- Your task
Gather all lines in the data that hold the string "White".

[Data excerpts]
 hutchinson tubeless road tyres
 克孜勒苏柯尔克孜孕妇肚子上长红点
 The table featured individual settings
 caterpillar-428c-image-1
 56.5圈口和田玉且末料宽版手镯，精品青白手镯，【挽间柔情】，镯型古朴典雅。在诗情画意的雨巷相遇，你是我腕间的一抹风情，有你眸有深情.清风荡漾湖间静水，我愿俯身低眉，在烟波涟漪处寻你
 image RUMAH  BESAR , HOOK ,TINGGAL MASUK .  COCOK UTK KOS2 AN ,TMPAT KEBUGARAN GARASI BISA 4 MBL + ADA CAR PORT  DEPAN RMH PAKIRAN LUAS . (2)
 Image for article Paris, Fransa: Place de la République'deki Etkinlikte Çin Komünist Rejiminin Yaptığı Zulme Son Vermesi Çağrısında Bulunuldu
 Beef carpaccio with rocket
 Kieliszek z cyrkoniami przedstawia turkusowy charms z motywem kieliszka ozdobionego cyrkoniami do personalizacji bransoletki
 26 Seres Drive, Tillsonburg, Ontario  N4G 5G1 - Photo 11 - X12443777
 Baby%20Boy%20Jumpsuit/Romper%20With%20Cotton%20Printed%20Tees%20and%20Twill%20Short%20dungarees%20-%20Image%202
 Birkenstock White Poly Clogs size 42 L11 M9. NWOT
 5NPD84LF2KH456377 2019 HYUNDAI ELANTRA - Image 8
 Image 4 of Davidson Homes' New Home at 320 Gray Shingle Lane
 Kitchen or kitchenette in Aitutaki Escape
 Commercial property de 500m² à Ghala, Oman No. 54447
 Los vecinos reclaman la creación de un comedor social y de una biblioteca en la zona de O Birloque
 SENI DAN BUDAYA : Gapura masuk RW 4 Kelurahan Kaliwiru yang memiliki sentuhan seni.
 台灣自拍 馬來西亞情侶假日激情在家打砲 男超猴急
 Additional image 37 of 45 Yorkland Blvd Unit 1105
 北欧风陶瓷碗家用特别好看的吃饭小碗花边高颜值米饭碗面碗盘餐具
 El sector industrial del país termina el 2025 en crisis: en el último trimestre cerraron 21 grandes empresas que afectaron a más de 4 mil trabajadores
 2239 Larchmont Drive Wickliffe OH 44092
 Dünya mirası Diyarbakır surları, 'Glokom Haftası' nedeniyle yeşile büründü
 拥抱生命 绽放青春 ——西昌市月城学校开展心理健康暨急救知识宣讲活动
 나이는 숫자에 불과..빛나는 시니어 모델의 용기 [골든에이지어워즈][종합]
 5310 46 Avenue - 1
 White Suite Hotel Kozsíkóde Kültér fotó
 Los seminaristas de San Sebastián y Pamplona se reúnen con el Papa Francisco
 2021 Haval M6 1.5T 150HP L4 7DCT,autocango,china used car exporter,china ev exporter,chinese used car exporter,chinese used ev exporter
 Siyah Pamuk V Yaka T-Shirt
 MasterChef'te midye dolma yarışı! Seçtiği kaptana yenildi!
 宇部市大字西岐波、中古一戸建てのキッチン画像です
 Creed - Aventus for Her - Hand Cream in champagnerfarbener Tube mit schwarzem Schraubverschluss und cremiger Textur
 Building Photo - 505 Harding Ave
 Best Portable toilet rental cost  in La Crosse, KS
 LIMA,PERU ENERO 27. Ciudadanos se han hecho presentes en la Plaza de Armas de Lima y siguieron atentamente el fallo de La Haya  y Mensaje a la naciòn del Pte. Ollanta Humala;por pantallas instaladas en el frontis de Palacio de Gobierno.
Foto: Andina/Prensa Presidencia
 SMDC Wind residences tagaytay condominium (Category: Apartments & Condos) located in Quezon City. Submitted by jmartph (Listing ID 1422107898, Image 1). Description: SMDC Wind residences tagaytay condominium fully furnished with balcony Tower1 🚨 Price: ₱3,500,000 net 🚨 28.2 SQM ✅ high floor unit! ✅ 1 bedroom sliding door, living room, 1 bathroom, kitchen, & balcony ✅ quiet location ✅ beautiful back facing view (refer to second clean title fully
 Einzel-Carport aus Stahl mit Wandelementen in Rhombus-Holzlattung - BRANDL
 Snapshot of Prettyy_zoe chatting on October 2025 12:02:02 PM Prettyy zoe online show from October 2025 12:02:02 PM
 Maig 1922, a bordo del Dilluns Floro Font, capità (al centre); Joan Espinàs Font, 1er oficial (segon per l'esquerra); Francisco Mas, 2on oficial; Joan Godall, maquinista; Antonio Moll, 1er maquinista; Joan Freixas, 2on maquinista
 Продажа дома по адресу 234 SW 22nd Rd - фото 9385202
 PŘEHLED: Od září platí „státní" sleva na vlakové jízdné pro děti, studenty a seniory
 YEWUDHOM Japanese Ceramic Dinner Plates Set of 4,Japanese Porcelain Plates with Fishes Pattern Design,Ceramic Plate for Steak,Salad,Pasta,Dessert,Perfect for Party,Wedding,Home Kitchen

- Task result
 Birkenstock White Poly Clogs size 42 L11 M9. NWOT
 White Suite Hotel Kozsíkóde Kültér fotó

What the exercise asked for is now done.